## WHAT THE TASK REQUIRES
The answer must be only the lines below from the one holding "DEFACTO Baby Girl" down to the one holding "120Pcs Assorted Spoon", ends included, printed exactly; please omit all pictures.

## DATASET EXCERPTS
%%
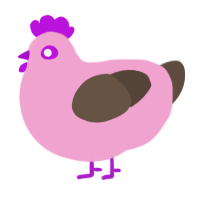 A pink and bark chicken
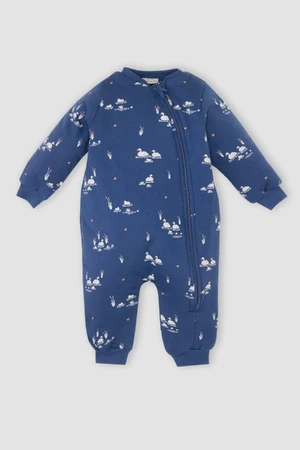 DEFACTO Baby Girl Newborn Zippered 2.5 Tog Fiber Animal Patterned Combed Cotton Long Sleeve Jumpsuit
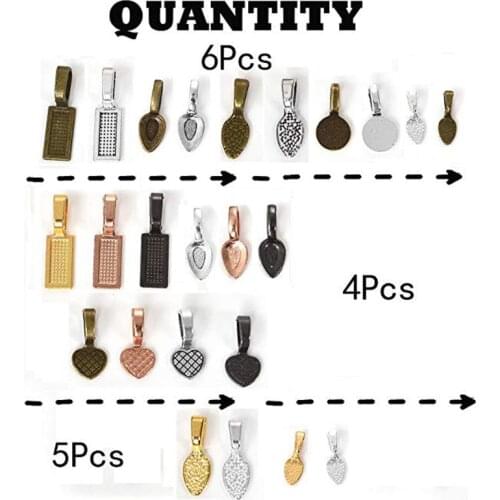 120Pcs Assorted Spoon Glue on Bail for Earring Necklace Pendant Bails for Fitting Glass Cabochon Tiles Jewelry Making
%%
%%
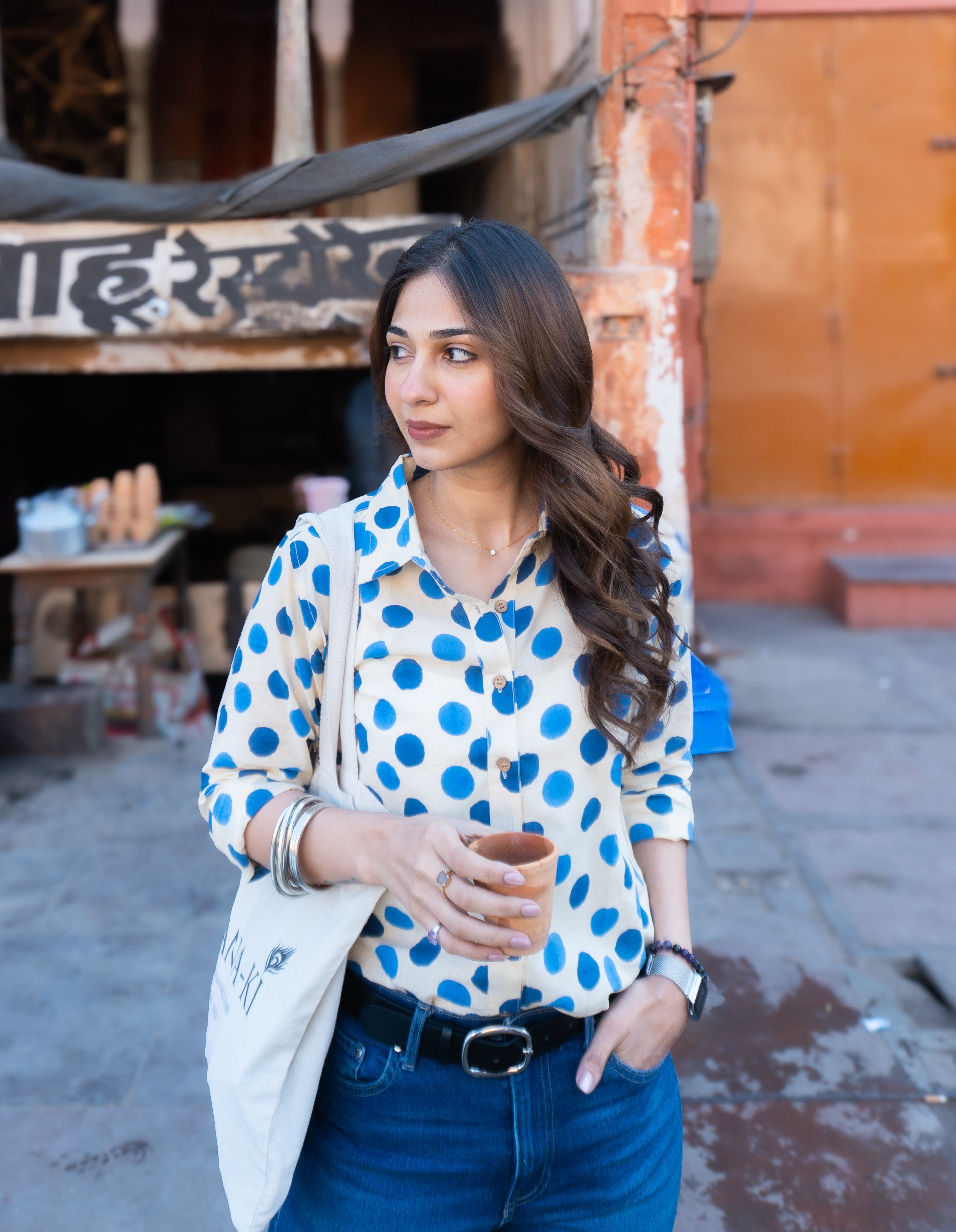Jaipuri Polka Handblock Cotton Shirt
%%
## EXERCISE OUTPUT
 DEFACTO Baby Girl Newborn Zippered 2.5 Tog Fiber Animal Patterned Combed Cotton Long Sleeve Jumpsuit
 120Pcs Assorted Spoon Glue on Bail for Earring Necklace Pendant Bails for Fitting Glass Cabochon Tiles Jewelry Making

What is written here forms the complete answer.